### Information shown
◇ ◇ ◇ ◇

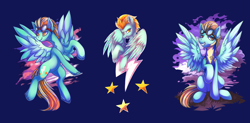 Size: 4053x2000 | Tagged: safe, artist:dragonataxia, imported from derpibooru, lightning dust, pegasus, pony, blue background, bust, female, goggles, grin, mare, rearing, simple background, smiling, solo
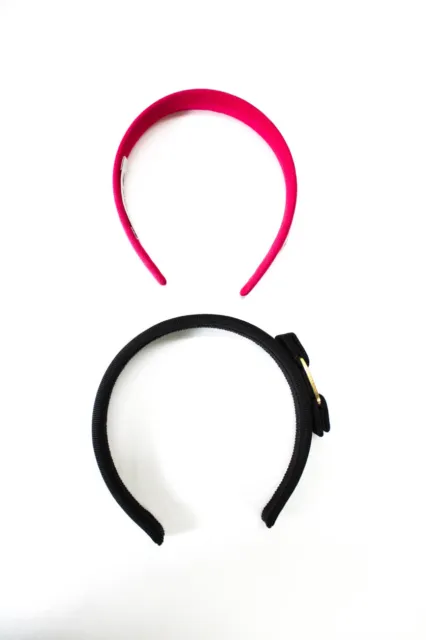 Salvatore Ferragamo Lacoste Womens Grosgrain Logo Headbands Pink Black Lot 2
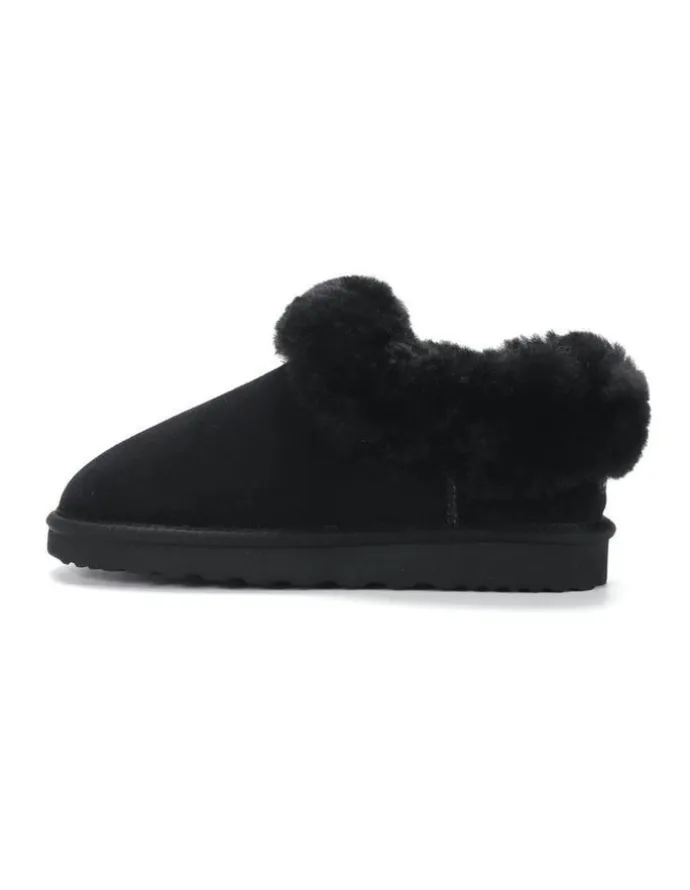 Aus Wooli Ugg Coogee Scuff Slippers in Black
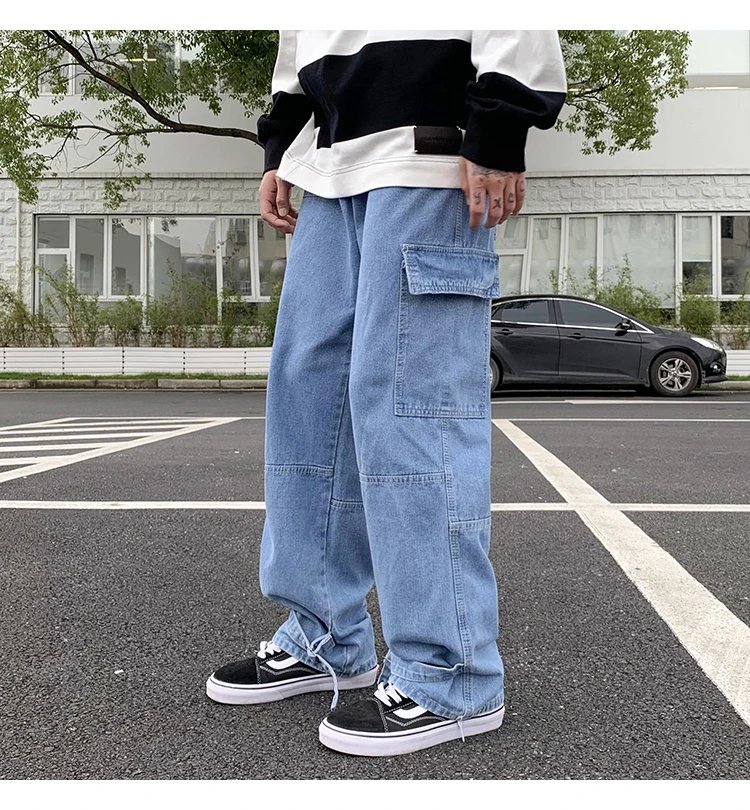 Men Wide Leg Jeans Hip Hop Casual Men's Straight Baggy Denim Pants Streetwear Skateboard Pant Neutral Trousers Plus Size S-5XL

◇ ◇ ◇ ◇

### How to complete this task
Reproduce exactly the lines from the beginning of the material down to the line containing "Aus Wooli Ugg Coogee Scuff Slippers in Black", both ends included, but not the pictures or anything after.

### Task output
 Size: 4053x2000 | Tagged: safe, artist:dragonataxia, imported from derpibooru, lightning dust, pegasus, pony, blue background, bust, female, goggles, grin, mare, rearing, simple background, smiling, solo
 Salvatore Ferragamo Lacoste Womens Grosgrain Logo Headbands Pink Black Lot 2
 Aus Wooli Ugg Coogee Scuff Slippers in Black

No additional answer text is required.